# Thread: Operation of convoulution is commutative

1. ## Operation of convoulution is commutative

Hi,

If we define the convolution of two functions $f,g:\mathbb{R}^n \longrightarrow \mathbb{R}$ to be $f* g(x) = \int_{\mathbb{R}^n} f(x-y)g(y)dy$ then this operation is supposed to commute, i.e. $f* g = g* f$. When you change variables though, surely you get a minus sign???

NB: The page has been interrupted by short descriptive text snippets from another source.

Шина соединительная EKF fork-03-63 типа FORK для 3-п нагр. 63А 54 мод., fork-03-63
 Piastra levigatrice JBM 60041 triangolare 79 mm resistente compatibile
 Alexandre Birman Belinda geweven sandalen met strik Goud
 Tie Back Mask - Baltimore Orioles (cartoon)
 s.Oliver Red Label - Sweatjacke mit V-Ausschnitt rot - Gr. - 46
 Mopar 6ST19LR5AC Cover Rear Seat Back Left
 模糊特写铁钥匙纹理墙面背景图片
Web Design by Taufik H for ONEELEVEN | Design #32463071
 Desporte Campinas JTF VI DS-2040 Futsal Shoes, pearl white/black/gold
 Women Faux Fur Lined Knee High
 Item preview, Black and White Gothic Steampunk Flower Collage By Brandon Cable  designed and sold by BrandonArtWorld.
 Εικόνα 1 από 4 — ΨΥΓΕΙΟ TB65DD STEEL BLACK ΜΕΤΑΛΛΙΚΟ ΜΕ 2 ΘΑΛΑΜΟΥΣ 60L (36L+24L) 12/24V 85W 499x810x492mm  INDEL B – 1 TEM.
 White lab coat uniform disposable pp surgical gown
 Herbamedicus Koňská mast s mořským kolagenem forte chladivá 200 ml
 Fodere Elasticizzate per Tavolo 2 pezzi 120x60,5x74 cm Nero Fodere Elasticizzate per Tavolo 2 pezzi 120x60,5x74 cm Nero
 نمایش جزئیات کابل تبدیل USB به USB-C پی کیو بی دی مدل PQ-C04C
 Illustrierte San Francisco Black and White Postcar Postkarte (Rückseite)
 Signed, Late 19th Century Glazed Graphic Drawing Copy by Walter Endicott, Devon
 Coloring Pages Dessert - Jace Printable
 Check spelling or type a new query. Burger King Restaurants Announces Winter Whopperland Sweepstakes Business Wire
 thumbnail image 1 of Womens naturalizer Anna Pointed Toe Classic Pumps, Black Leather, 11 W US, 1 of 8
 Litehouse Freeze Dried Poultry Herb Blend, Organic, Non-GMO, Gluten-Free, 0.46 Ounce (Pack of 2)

Any help would be greatly appreciated.

2. Originally Posted by markwolfson16900
Hi,

If we define the convolution of two functions $f,g:\mathbb{R}^n \longrightarrow \mathbb{R}$ to be $f* g(x) = \int_{\mathbb{R}^n} f(x-y)g(y)dy$ then this operation is supposed to commute, i.e. $f* g = g* f$. When you change variables though, surely you get a minus sign???

Any help would be greatly appreciated.
Define $t=x-y$. Then $\,dy=-\,dt$. But then the "limits of integration" are reversed in the $\displaystyle\int_{\mathbb{R}^n}$ part. So to get them in the right order, we "flip" the limits and then make that result negative.

Like for instance, consider the case we're integrating over $\mathbb{R}$. Then its clear that if we consider the convolution $f*g(t) = \displaystyle\int_0^t f(t-\tau)g(\tau)\,d\tau$ and make the same change of variables, say $s=t-\tau$, then we get $\,d\tau=-\,ds$. But then our limits of integration change positions: $\displaystyle\int_{t}^{0}f(s)g(t-s)(-\,ds)$. So now, we flip the limits of integration to get $\displaystyle\int_0^t f(s)g(t-s)\,ds=g*f(t)$

Thus, I believe a similar idea holds in the n dimensional case; so, in other words: $\displaystyle\int_{\mathbb{R}^n}f(x-y)g(y)\,dy \xrightarrow{t=x-y}{} -\int_{\mathbb{R}^n}f(t)g(x-t)(-\,dt)=\int_{\mathbb{R}^n}f(t)g(x-t)\,dt=g*f$.

I hope this helps!